Wednesday, January 11, 2006

This news is not what it looks like....

I am going to throw out the bone from this News Telegraph article and then tell you why it is signifigant.

Who is L. Paul bremmer? he was the guy who ran the US Operations in Iraq before we got those nice folks a semblance of a government which lead to a semi-functional government they got going on there right now.

so here is the blurb.

President Bashar al-Assad of Syria secretly incited Iraq's top Shia leader to declare holy war against US and British forces, according to Washington's former administrator in the country....
The report came from an extremely senior source, the supreme leader of Iraq's majority Shia community, Grand Ayatollah Ali al-Sistani.
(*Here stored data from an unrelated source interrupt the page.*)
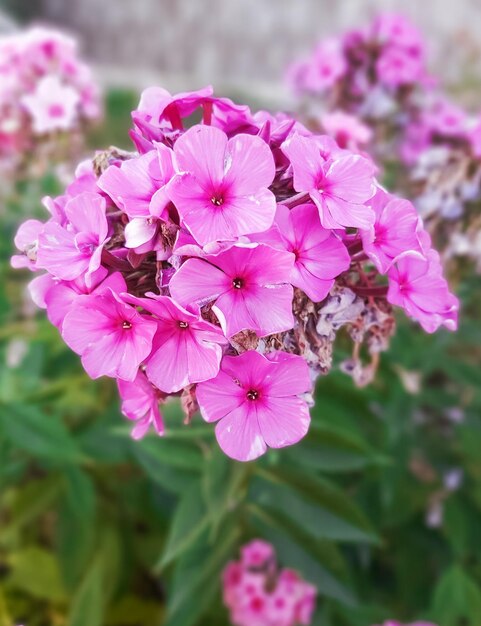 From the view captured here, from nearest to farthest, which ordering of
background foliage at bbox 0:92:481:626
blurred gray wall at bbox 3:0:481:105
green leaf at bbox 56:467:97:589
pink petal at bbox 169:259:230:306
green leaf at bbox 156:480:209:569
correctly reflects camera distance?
1. pink petal at bbox 169:259:230:306
2. green leaf at bbox 156:480:209:569
3. background foliage at bbox 0:92:481:626
4. green leaf at bbox 56:467:97:589
5. blurred gray wall at bbox 3:0:481:105

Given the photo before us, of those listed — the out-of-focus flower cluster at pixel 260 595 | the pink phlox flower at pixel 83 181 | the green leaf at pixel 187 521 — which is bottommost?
the out-of-focus flower cluster at pixel 260 595

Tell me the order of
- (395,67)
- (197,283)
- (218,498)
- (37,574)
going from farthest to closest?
(395,67), (37,574), (218,498), (197,283)

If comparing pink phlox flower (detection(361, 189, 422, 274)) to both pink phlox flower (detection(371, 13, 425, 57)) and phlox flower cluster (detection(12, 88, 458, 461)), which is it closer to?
phlox flower cluster (detection(12, 88, 458, 461))

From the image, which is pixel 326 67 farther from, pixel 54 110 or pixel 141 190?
pixel 141 190

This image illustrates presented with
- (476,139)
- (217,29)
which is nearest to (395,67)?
(476,139)

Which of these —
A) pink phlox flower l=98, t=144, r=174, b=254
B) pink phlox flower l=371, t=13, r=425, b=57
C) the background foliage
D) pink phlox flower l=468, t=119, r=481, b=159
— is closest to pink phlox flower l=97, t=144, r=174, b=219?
pink phlox flower l=98, t=144, r=174, b=254

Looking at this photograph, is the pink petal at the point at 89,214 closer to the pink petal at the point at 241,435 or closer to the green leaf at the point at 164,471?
the pink petal at the point at 241,435

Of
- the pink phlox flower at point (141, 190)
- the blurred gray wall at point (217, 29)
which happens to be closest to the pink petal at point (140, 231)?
the pink phlox flower at point (141, 190)

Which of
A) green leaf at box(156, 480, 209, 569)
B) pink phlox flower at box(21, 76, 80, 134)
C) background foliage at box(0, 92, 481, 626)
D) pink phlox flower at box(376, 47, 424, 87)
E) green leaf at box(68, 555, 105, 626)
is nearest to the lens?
green leaf at box(156, 480, 209, 569) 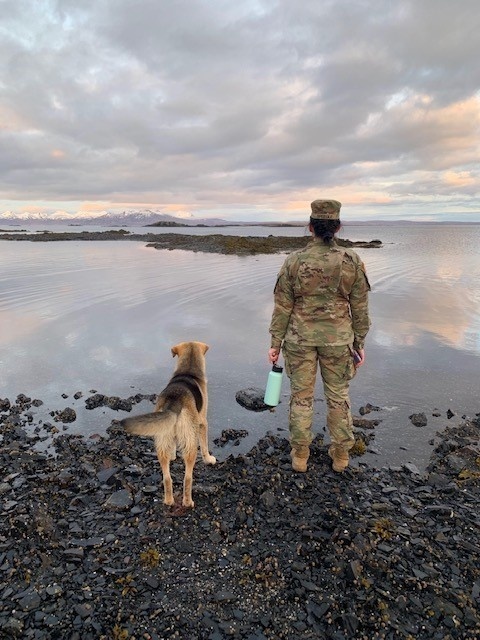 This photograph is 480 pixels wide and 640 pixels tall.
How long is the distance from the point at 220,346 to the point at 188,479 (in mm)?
7616

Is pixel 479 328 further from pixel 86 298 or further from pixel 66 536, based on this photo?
pixel 86 298

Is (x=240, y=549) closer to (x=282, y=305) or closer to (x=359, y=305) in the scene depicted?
(x=282, y=305)

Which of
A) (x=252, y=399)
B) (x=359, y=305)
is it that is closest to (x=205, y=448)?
(x=252, y=399)

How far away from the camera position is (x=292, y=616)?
12.5 ft

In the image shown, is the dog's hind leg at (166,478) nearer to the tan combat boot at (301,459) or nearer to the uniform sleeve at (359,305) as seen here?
the tan combat boot at (301,459)

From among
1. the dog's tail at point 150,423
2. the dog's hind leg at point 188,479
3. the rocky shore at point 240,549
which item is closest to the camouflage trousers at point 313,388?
the rocky shore at point 240,549

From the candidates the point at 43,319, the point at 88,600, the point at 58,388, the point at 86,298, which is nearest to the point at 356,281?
the point at 88,600

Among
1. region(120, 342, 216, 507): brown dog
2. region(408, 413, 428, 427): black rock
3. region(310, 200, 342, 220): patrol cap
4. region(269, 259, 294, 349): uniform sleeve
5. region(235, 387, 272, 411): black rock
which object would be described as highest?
region(310, 200, 342, 220): patrol cap

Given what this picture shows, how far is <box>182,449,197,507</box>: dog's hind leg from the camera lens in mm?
5301

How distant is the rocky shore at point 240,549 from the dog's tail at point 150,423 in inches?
55.6

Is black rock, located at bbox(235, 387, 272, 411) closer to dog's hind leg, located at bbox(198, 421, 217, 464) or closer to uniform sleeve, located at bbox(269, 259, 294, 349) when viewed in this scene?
dog's hind leg, located at bbox(198, 421, 217, 464)

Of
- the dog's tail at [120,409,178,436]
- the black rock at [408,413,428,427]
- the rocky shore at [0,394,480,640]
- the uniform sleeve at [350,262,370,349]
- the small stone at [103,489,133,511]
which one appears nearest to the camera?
the rocky shore at [0,394,480,640]

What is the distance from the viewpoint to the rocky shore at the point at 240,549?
3.74m

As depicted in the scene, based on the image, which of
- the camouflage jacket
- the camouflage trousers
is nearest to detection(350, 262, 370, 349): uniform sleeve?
the camouflage jacket
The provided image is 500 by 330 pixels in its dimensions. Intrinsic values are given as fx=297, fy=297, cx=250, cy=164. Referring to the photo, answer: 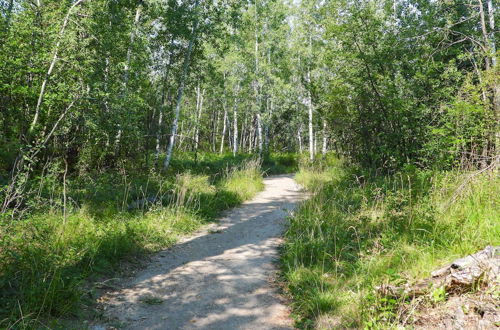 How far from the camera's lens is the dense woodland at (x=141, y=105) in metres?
4.65

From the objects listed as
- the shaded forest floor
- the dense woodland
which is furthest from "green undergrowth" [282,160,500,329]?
the shaded forest floor

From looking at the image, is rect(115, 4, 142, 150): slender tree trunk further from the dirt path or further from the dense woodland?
the dirt path

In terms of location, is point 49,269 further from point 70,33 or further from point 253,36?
point 253,36

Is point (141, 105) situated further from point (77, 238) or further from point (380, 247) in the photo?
point (380, 247)

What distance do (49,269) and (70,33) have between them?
198 inches

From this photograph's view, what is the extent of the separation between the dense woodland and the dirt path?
1.72 ft

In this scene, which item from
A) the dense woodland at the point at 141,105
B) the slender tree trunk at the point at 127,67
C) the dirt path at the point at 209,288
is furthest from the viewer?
the slender tree trunk at the point at 127,67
According to Mr Bremer, the news was passed to him by Mowaffak al-Rubaie, a senior Shia politician involved in negotiations with the ayatollah. The Syrian leader had apparently recalled the Shia-led uprising against the British in 1920 and urged the Shia to repeat history....

In particular, he claims to have stressed to Washington the need to confront the firebrand Shia cleric Moqtada al-Sadr. Some British officials voiced their doubts over the policy, fearing it would spark a wider Shia revolt and some expressed irritation over Mr Bremer's account, suggesting it offered a partial view.

That crisis erupted in April 2004 when Sadr's militiamen rose up as the US attempted to take the Sunni insurgent stronghold of Fallujah.


Now I cut this out along with a little bit about good ole Moqtada al-Sadr because he will be coming up a little later here in my talk.

Syria isn't known for doing much in the Middle East on its own. While Syria does do a bunch of stuff influence wise over other countries and movements Syria largely does it as the willing (or unwilling) proxy agent of another larger power.

Hezbollah is a super example. The Syrians have stoked and supported Hezbollah in large part as a proxy for the Iranians.

I told people during the whole period when al-Sadr was uprising he was doing so on the order of the Iranian government. I said this for a very specific reason. Grand Ayatollah Sistani was doing some pretty wild things. He was advocating democracy and being supportive of the US efforts to enforce the Powell-Pottery Barn doctrine in Iraq.

Very early and shortly after the US occupation started but before much in the way of a provisional authority came to happen Syria was trying to stimulate a revolt. You factor this with the later al-Sadr brotherhood with hezbollah and I see the Iranians acting indirectly through the Syrians working to get Sistani on board with a Shia islamic revolt and he said no.

so much as I was telling people... al-Sadr was the plan b. This revelation seems to confirm that now more and more.

Sistani has seen the failure of the Iranian model first hand, and Sadr mearly wanted to regain his fathers position as a leading voice of Iraqi shia.

the story seems to work and the actors seem to work. Only time will tell if I am right and this is indeed the play I was watching.